Ahmet was annoyed by this request, but he treated it with a jaunty humor. “We’ll give you ten thousand dollars,” Ahmet told Geffen, “and you can go to Santa Monica Boulevard and watch a couple of movies, or whatever you do all day.”
“You should give me the fifty thousand dollars,” Geffen said.
“Why?” Ahmet asked. “No one else gets it.”
“Because it’s sound business practice, and, besides, I want it.”
“No.”
“Why don’t you concede for once? Why not make a gesture of good will, taking into account the entire relationship? Why not give the fifty thousand dollars?”
Finally, Ahmet agreed to advance thirty-five thousand dollars. “I’m not giving you fifty thousand dollars, because I need the money to run my company,” Ahmet said.
“If you’re in that kind of trouble, I’m selling my stock,” Geffen said.
“You’re very chintzy,” Ahmet said.
“You are chintzy, not me,” Geffen said.
Ahmet ceased to be jaunty. “You know, a soldier is sometimes too good a soldier,” Ahmet said. “Whatever happens, I’m your friend and I love you, but don’t squeeze the juice out of every situation.”
That night, Ahmet and Earl McGrath went to hear two groups that McGrath wanted to sign to Clean Records. By the time they left the Beverly Hills Hotel, in Ahmet’s limousine, they were two hours late to hear the first group. The big black car travelled over narrow roads into the Hollywood hills.

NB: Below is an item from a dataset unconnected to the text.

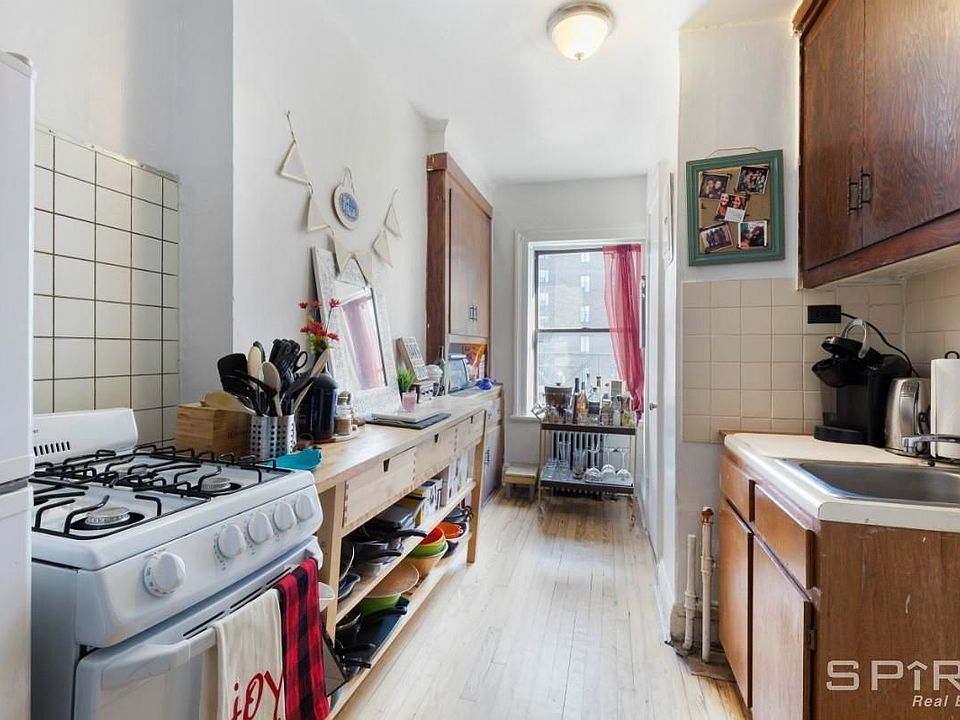 2nd image of 315 1st Ave APT 3R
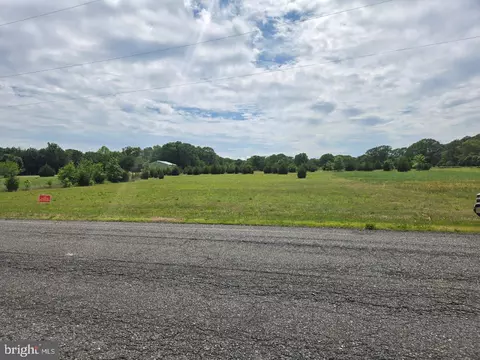 814 N Chew Rd, Hammonton, NJ 08037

The big black car took the turns awkwardly. At McGrath’s direction, the car stopped beside a small, new ranch house. There was no driveway. The big black car pulled just off the road, parallel to the house. The car was almost as long as the house. The house was that peculiar California thing—a beat-up new house. The house looked like a mistreated late-model Chevrolet. Inside, there was woodlike panelling, vinyl flooring, acoustical tile ceilings, and no furniture. No furniture. Not a table or a chair. The group was set up in the garage. The garage had been insulated with Johns-Manville fibre glass. There were a pianist vocalist, three guitarists, and a drummer. Ahmet, wearing a tweed jacket over a blue polo shirt, sat down on the floor, cross-legged. “I hope they understand,” he said to McGrath. “I hope they understand that we’re late and can’t stay.” The band played (and the pianist played and sang) “Slip Away,” an important rhythm-and-blues song. “Slip Away” had been a hit, on Atlantic, for Clarence Carter. McGrath moved with the music. Ahmet stayed still on the floor. At the end of the song, he shook hands with the members of the band and left.
Back in the car, Ahmet said to McGrath, “They’re trying to be black. The trouble is, if they make it they aren’t very far.” McGrath talked about the drummer of the group. The drummer had played with known groups.
“These kids are not going to play bars in the South,” Ahmet said. “I mean, that is not going to happen.” The big black car took some more curves, awkwardly. “They are playing songs by Clarence Carter,” Ahmet said. “Clarence Carter is a very great man. You know what? Clarence Carter doesn’t sell many records.”
The second group was found up a dirt road high in the hills. They lived in a house with real wood panelling and a fireplace. There were many women and children, and there were some Southern accents. There was a copy of “Portrait of the Artist as a Young Dog.” The group was called Delbert & Glen and consisted, at that moment, of six musicians. They played, and Ahmet listened intently. “I tried to cut this song five times,” Ahmet said as they played. “Originally, it was a Cripple Clarence Lofton song called ‘Strut That Thing.’ Willie Mabon changed it around. Nobody ever gets the time right.” Ahmet paused. “Right there. They didn’t get the time right. It’s a bitch. You want to do it with a little spontaneity, but at the same time everybody has to know when to come in.” Delbert & Glen played another song—a country song called “Wine and Roses.” As soon as it was over, Ahmet went to talk with the group’s manager. He talked seriously and quickly. He wanted to know who was in the band, and he wanted to know if the band was going to stay together to perform. He wanted to know if the band could tour steadily. The manager told Ahmet that several members of the group were reluctant to tour and wanted to work on their own material.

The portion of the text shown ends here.